Through a rigorous data preprocessing workflow, including the handling of physiological outliers and median imputation for missing cholesterol values, this study established a high-quality dataset of 917 clinical observations. The exploratory analysis reveals a patient demographic primarily composed of middle-aged and elderly individuals, with a mean age of 53.51 years. The subsequent regression analysis identifies a statistically significant inverse relationship between age and maximum heart rate (MaxHR). With a correlation coefficient of -0.38 and a high degree of statistical significance (p < 0.001), the model quantifies a physiological decline of approximately 1.03 bpm for every year of aging. These findings provide a data-driven foundation for assessing cardiovascular load capacity across different age cohorts in clinical settings.

6.2 Predictive Modeling Performance

In the classification phase, a logistic regression model was developed using 5-fold cross-validation to ensure robustness and generalizability. The model demonstrated superior diagnostic performance, achieving a predictive accuracy of 89.07% on an independent test set. Detailed performance metrics, including a sensitivity of 90.10% and a specificity of 87.80%, indicate that the model maintains an excellent balance between capturing true positive cases and controlling false alarms. Furthermore, the analysis identified key clinical predictors, specifically being male, asymptomatic chest pain, exercise-induced angina, and a flat ST slope, as having the most substantial impact on heart failure risk. The high Kappa coefficient (0.779) further validates the strong agreement between model predictions and actual clinical diagnoses.

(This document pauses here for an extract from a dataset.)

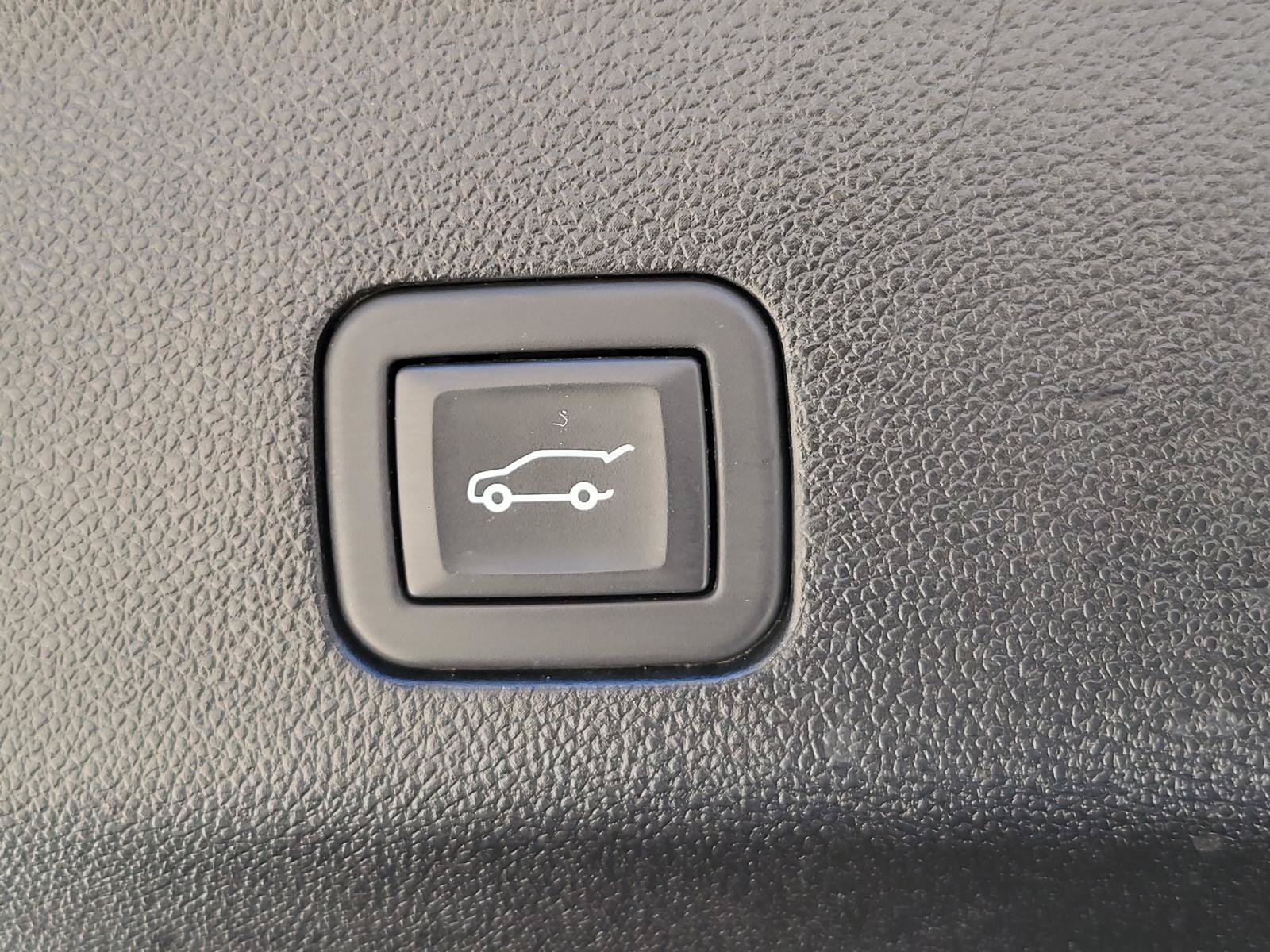 Used 2023 Chevrolet Tahoe Z71 AWD/4WD image 10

6.3 Clinical Implications and Future Work

The results of this dual-approach analysis underline the potential of machine learning as a pivotal auxiliary tool in cardiovascular risk assessment. By providing high positive and negative predictive values, the model offers objective data support that can assist clinicians in early-stage screenings and more accurate heart failure risk stratification. While the current logistic regression framework is highly effective, future research should explore more complex non-linear algorithms, such as Random Forest or Support Vector Machines, to further refine predictive precision. Additionally, integrating a broader spectrum of clinical features could enhance the model’s comprehensive understanding of disease progression.